Task prompt
Whenever a picture appears in the listing below, leave it out, and copy exactly the lines from the one containing "BMW 5 Series 2018 — Şəkil 12/20" through the end.

Material for the task
%%

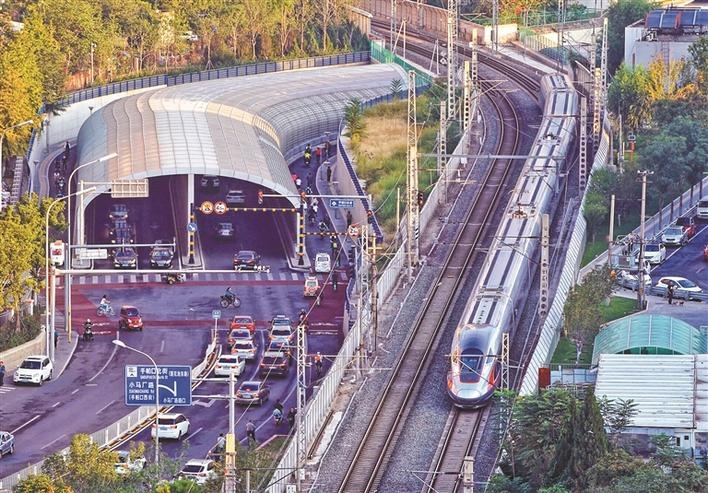 图为轨道交通大兴国际机场线草桥站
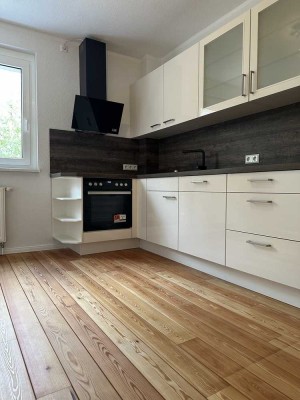 Erstbezug: helle und ruhige 3-R-Wohnung mit EBK direkt am Augustabad mit Blick auf den Tollensesee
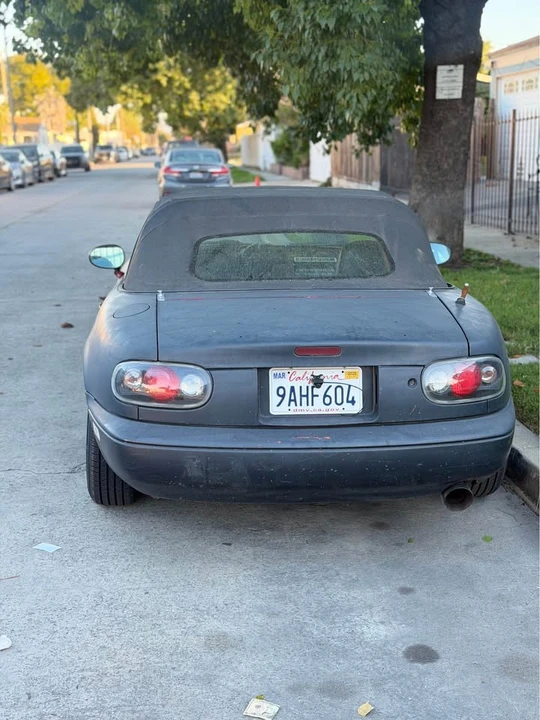 1990 Mazda NA MX-5 Miata - Image 5 of 12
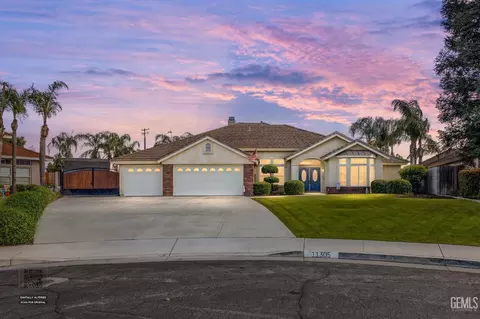 11305 Darlington Ave, Bakersfield, CA 93312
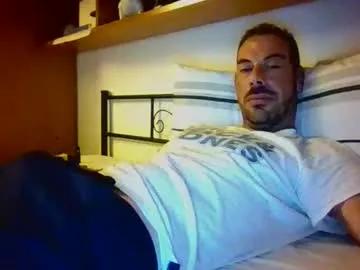 slevin1983 on Chaturbate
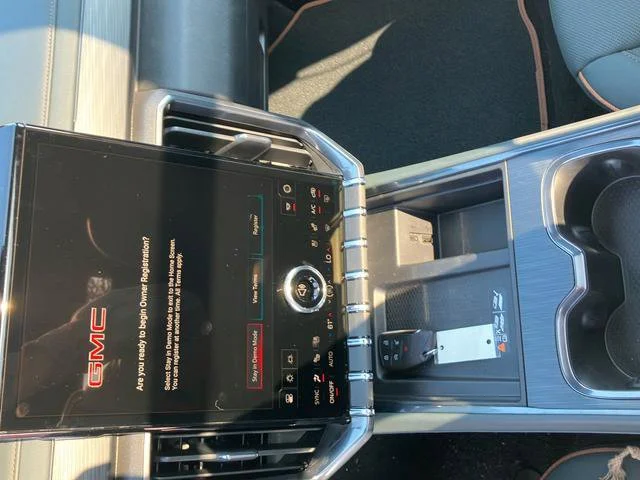 2026 GMC Acadia AT4 - Photo 17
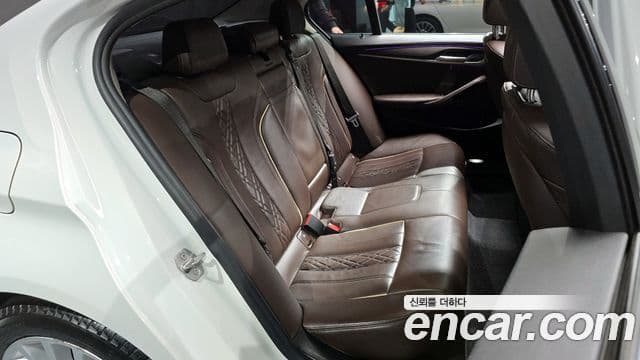 BMW 5 Series 2018 — Şəkil 12/20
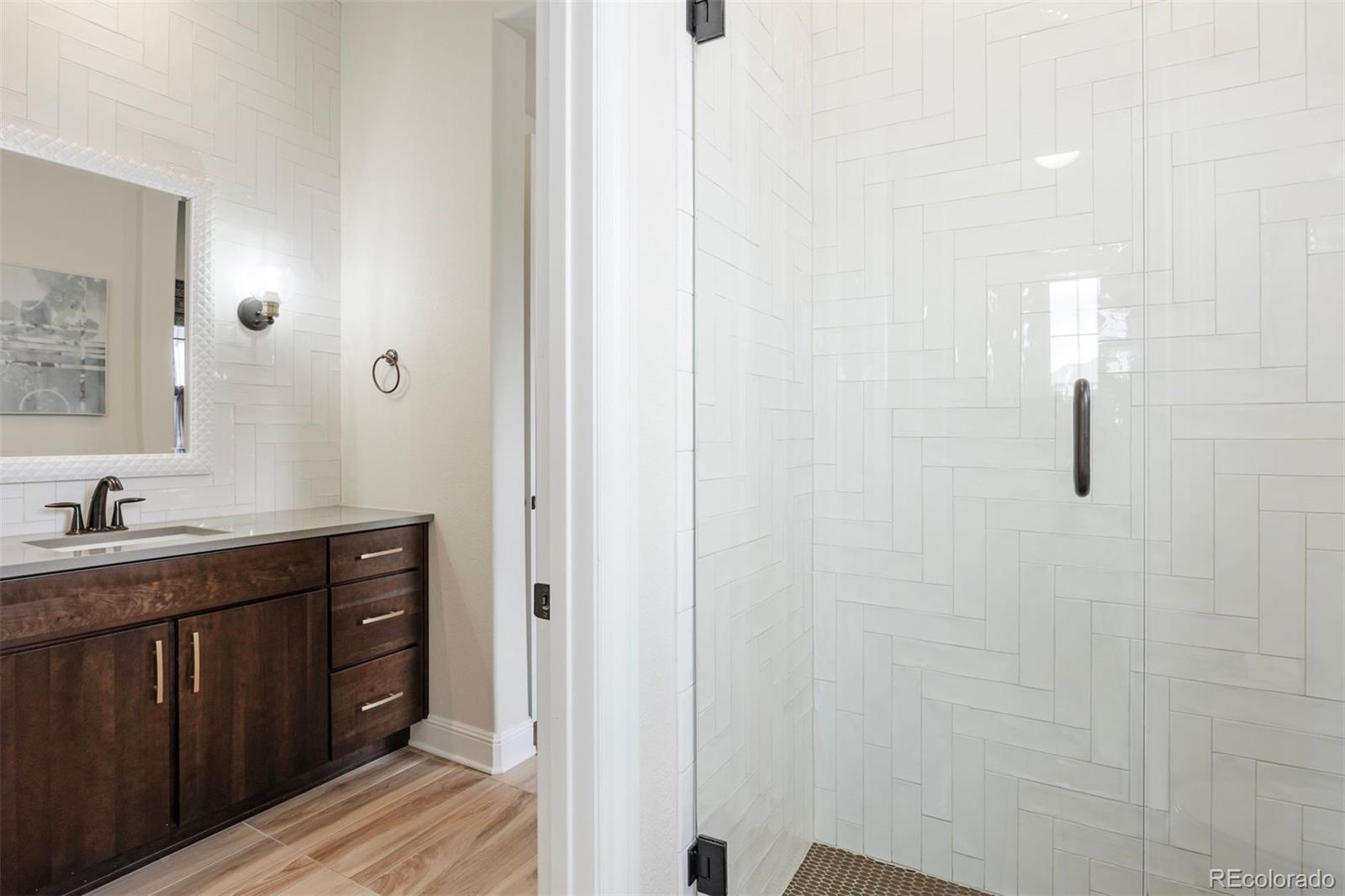 27381 E Lakeview Drive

%%

Solution below
 BMW 5 Series 2018 — Şəkil 12/20
 27381 E Lakeview Drive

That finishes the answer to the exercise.